21 Day Reiki Master attunement record diary: Day 1
Woke sad and anxious as I often do. Pain of loss as it was yesterday coming to the surface. Very sad. Heart last night was racing and jumping and is now as I write this but not as much, although possibly because I just tried to call the chinese takeaway as we had our mains dishes cooked in chicken’s fat last night. Very disappointing indeed. Did it have any connection to the fact I’d asked for some ‘cooked chicken’ for my poorly cat? Seems a coincidence as we’ve never had this issue before now at that place. What a shame! So cried a little and then just got on with today. Sunny day. But taking it very easy indeed. Still lots to do! Having coffee outside and will do some thinking/not thinking! No dreams from last night that I can recall.
Got out into the sun with my coffee and noticed that the oat milk had ‘split’; which made me a bit sad, and that the wind had knocked four tiny tomatoes I’d just picked, the first of the crop, onto the floor: four small tomatoes rolled onto the concrete, and I felt sad. so small and insignificant in this huge world, my small tomatoes and small coffee and I cried, felt a deep pain of loss.
Sitting with my legs crossed on the lounger I relaxed back so my face was right in the sun. My palms upturned on my knees, I breathed deep into my centre, lower dantien, tanden, hara, and exhaled ‘haaa’ to start to move the energy of the pain of the past. The sun shone directly into my third eye, it felt good. I raised my hands above my head and felt the warmth and power of the sun raining down on me like a shower of golden light. I saw a spiral of light and called it Helios because it had been made by the sun! The spiral gave way to warmth and I placed my hands together at my solar plexus/heart chakras. We are of course in August, Leo, sun month and this felt a good way to release the sense of loss to the elements and the earth.

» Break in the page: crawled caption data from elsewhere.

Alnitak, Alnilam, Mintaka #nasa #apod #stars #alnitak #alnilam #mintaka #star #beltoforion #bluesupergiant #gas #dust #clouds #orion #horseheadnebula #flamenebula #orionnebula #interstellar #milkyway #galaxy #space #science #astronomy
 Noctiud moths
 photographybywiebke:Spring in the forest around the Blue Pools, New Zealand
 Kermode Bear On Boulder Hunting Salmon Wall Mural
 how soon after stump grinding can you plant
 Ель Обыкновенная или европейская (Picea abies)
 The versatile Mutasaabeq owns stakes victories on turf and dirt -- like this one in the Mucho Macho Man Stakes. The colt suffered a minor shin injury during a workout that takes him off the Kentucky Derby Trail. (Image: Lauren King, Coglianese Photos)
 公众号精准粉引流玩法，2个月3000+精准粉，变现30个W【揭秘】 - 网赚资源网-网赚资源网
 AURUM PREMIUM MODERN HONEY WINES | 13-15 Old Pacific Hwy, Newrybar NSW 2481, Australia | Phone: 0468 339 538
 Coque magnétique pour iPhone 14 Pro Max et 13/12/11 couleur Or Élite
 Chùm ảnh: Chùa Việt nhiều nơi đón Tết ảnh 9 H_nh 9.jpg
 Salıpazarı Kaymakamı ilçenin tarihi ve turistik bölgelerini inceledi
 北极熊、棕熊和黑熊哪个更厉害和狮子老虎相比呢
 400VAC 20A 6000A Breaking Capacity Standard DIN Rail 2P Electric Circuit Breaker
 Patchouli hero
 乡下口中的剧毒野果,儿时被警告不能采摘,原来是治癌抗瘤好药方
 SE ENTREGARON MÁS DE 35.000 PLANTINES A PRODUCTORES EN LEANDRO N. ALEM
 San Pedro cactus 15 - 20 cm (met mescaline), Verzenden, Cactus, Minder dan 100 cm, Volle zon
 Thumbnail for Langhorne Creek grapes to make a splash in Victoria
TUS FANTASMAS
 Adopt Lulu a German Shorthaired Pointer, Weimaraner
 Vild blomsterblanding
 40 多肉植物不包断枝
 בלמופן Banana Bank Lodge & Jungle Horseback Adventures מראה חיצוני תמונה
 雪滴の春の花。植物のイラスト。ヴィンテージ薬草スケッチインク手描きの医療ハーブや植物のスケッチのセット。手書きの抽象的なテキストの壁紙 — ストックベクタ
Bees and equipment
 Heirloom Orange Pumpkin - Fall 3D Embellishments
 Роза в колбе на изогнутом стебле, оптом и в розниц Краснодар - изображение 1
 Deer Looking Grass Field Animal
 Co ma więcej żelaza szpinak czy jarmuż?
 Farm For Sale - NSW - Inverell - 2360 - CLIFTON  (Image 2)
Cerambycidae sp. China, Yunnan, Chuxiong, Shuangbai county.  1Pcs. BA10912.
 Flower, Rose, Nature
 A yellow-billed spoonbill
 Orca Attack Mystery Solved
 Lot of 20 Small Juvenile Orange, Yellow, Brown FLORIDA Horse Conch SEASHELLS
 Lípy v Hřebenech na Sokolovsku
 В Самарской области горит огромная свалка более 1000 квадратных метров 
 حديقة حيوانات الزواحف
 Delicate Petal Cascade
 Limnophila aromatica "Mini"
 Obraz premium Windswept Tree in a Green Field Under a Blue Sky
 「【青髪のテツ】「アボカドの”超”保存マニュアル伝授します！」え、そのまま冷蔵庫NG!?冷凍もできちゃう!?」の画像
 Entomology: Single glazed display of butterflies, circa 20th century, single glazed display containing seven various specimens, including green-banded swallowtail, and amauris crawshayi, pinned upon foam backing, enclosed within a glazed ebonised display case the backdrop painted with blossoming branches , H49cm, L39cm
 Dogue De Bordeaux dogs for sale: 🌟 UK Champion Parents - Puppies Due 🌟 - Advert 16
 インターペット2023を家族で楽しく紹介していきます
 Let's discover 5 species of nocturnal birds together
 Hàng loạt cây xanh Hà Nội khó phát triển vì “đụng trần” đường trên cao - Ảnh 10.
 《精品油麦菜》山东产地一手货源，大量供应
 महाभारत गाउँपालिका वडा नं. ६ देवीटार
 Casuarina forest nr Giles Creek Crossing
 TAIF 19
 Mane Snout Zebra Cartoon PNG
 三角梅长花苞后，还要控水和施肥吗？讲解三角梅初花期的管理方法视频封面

I continued focusing on my breath and felt a strong sense of my diaphragm moving and my body shifting downwards as I relaxed. I felt like I was relaxing into myself. Hearing the birds flying about me, my attention went to the space around me, the wind, the insects, the birds and far off a dog barking. All the time the sun was hot and comfortable, restful even, holding me in it’s embrace.
I was brought back by a cockerel saying hello! He obviously wanted my attention.
I felt much better after this short meditative ritual.
When I got up I noticed a flower had blossomed- it was a red nasturtium I had forgetten I’d planted in the rockery and it had come out for me today! This I took as a gift from my garden, but I had more challenges to face too, as there was trouble brewing on a group I admin. So often this happens as a test of some sort, testing my ability to keep calm and loving, fair and objective, and helpful as well. It happens so often I can almost predict when the issues will crop up and anticipate having to deal with the ‘outerness’ of my inner struggles and lessons.